FEDERAL LABOR RELATIONS AUTHORITY

WASHINGTON, D.C.

AMERICAN FEDERATION OF GOVERNMENT EMPLOYEES

LOCAL 2022

(Union)

and

U.S. DEPARTMENT OF THE ARMY

FORT CAMPBELL, KENTUCKY

(Agency)

0-AR-2213

DECISION

May 13, 1992

Before Chairman McKee and Members Talkin and Armendariz.

I. Statement of the Case

This matter is before the Authority on an exception to an award of Arbitrator Linda S. Byars filed by the Union under section 7122(a) of the Federal Service Labor-Management Relations Statute (the Statute) and part 2425 of the Authority's Rules and Regulations. The Agency filed an opposition to the Union's exception.

The Arbitrator determined that the grievance was untimely filed under the parties' collective bargaining agreement and dismissed the grievance. For the following reasons, we conclude that the Union's exception provides no basis for finding the award deficient. Accordingly, we will deny the exception.

II. Background and Arbitrator's Award

The grievant is a Helicopter Flight Simulation Training Instructor (instructor). In April 1990, the grievant and other instructors were informed by the Agency that funds they had received for overtime work on weekends would no longer be available. However, because there was a continuing need for instructors to work on weekends, the Agency met with the instructors and the Union "to discuss the alternatives available for meeting the weekend training schedule without using overtime funds." Award at 2. After discussing several alternatives, the parties agreed to implement a compressed workweek upon the expiration of an agreement that the Agency had with a contractor. In the meantime, until the compressed workweek could be implemented the parties agreed to give the instructors "the option of volunteering for compensatory time off." Id.

From April 23, 1990 to July 9, 1990, the grievant signed five written statements volunteering for compensatory time in lieu of overtime payment for 72 hours of overtime that he worked. The statements provided that the compensatory time would be taken "'within thirteen (13) pay periods following the pay period in which this overtime was worked.'" Id. (quoting Agency's Exhibit No. 1). On July 26, 1990, the Agency informed the grievant that his accumulated hours of compensatory time must be taken within thirteen pay periods. The Agency requested that the grievant submit a schedule by August 3, 1990, for use of the compensatory time. The grievant did not respond to the Agency's request. On August 3, 1990, the Agency informed the grievant that it had established a schedule for the grievant's use of the accumulated compensatory time.
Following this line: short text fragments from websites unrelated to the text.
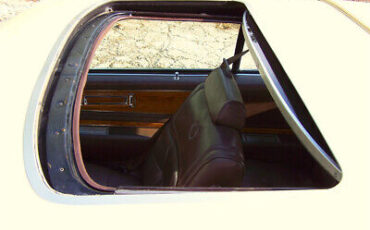 Cadillac-Eldorado-Coupe-1982-Gold-Brown-88923-13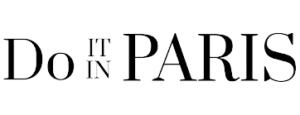 Do it in Paris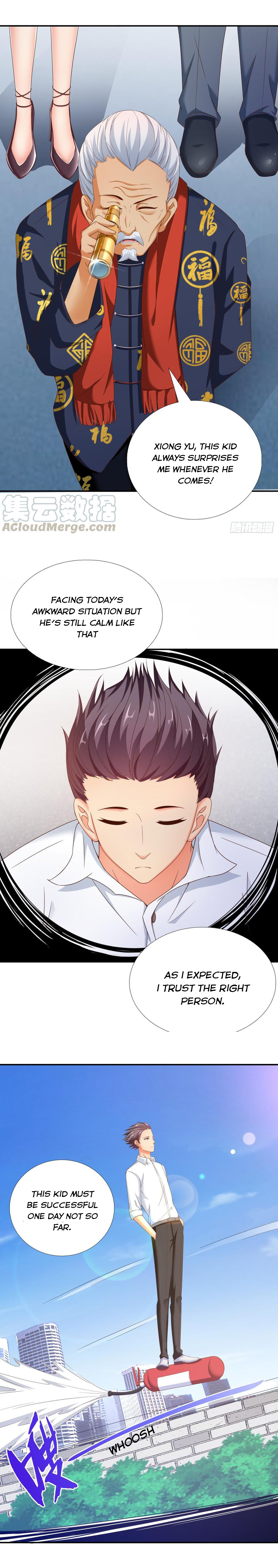 Page 6 of Chapter 33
On August 4, 1990, the grievant filed a grievance alleging that "'Regular Scheduled Overtime Work has been misinterpreted as Irregular or Occasional Overtime Work.'" Id. at 4 (quoting Joint Exhibit No. 2 at 1; emphasis omitted). As a remedy, the grievance requested that the grievant be compensated at the overtime rate for unused compensatory time and at one-half times his regular rate for the hours that the grievant was off work on compensatory time.

On August 10, 1990, the grievant responded to the August 3, 1990, notice from the Agency concerning the grievant's use of compensatory time. The grievant stated that he did not wish to take the compensatory time as scheduled by the Agency. However, the grievant stated that he would comply with the Agency's instructions. On August 24, 1990, the Agency informed the grievant that he had 3 hours of compensatory time remaining. The Agency requested that the grievant submit a schedule for use of the remaining 3 hours. The Agency completed a request form which scheduled the grievant's compensatory time and presented the form to the grievant for his signature. The grievant refused to sign the form.

The Agency denied the grievant's claim for overtime pay and the grievance was submitted to arbitration. At the hearing before the Arbitrator, the Agency challenged the timeliness and arbitrability of the grievance. The Arbitrator noted that Article 40, Section 40-13 of the parties' collective bargaining agreement provides that a grievance must "'be taken up with the employee's immediate supervisor within 15 calendar days after the occurrence of the matter out of which the grievance arose, or within 15 days of the employee's first knowledge of the occurrence.'" Id. at 8 (quoting Joint Exhibit No. 1, Article 40, Section 40-13 of the agreement).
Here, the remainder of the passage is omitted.